I imagine I speak for a few million people when I say that tea has always been there, in good times and bad, in every season, on any occasion. Indeed, I remember the very day that I had the most satisfying, most welcome cup of tea of my life. Long story short, it was on the coldest day of the year 2004 in the UK, after I had walked home, through a blizzard, from playing football with some friends. No sooner had I collapsed into a dining room chair than my mum ushered a steaming mug into my grateful hands. I distinctly remember that it wasn’t quite full and was a bit darker than I’d usually have it – my mum had only just gotten home from grocery shopping and, rather than take the time to refill the kettle and locate the new milk, quickly made use of the remainder of what was in the kettle and fridge already. From the first life-affirming sip to the last, it was absolutely glorious.
It was made abundantly clear to me from early on in my visits here that the Netherlands is very much a coffee-drinking country, and that tea is seen very differently to in the UK. The third time I met my partner’s parents, for example, was especially illuminating. In retrospect, I suppose I should have taken the fact that her father owns a coffee business as something of a hint; as if trying to make a good impression on beverage-neutral parents wasn’t intimidating enough, her mother casually informed me that, “In the Netherlands, only sissies drink tea.” Standing there with a freshly-brewed cup in my hand, I could only wonder what she would say if she saw me putting milk in it.
Fortunately, my first day working at Translavic provided a clue to that particular mystery. Of course, the subject of beverage preference came up almost as soon as I set foot in the office, but having been burned on that topic before, I decided to go for humour and shared the above anecdote with my colleague. It went well – we had a bit of a laugh about it as I happily made a cup for myself, safe in the knowledge that my masculinity was indeed intact – until she (quite matter-of-factly) said that, “In the Netherlands, only small children have milk in their tea,” and laughed some more. As I stirred my freshly-milked brew, I took solace in the fact that even in this strange land, tea was still my constant companion. As I looked up again in a defiant attempt to save face and chuckle along with her, I couldn’t help but notice the look in her eye that said, “you little sissy.” Wonderful.

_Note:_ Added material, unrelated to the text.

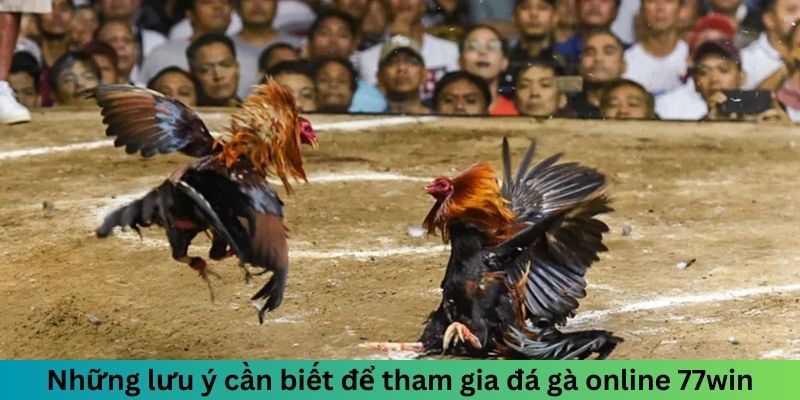 Những lưu ý cần biết để tham gia đá gà online 77win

Emasculation is one thing, but nothing could have prepared me for what I was to experience one fateful evening at an otherwise delightful wok restaurant with my partner’s family. Sometimes after a hearty meal I like to sip away at a cup of tea and enjoy a post-feast conversation, as I am sure many do. Turning to the waiter – whose blank notepad betrayed the exceptional memory he must have possessed in order to remember the order of five coffees – I requested, in my best Dutch, “een Engelse thee met melk, alsjeblieft.” The look on his face could best be described as mildly shocked as he graciously made sure that I wanted tea – “ja, met melk alsjeblieft” – before scribbling on his notepad.
The moment the waiter returned from the kitchen and placed our drinks before us was the moment that I realised that this one small pleasure – an after-dinner tea – will never be the same for me now that I live away from Britain. It was my constant companion no more, and in that moment, I experienced what I have come to realise is the kind of existential dread that is uniquely associated with being served Earl Grey tea and coffee milk. Looking back now, I can at least pretend that the waiter was aware that both I and Earl Grey have roots in North East England.
The old cliché says that you don’t know what you’ve got until it’s gone, but thankfully, I can still enjoy the infinite pleasures of English tea while I’m at home or the office. For this Englishman in Twente, life will never be the same, so I’ll be sure to keep a hold of the things I cherish the most as I move forward with it.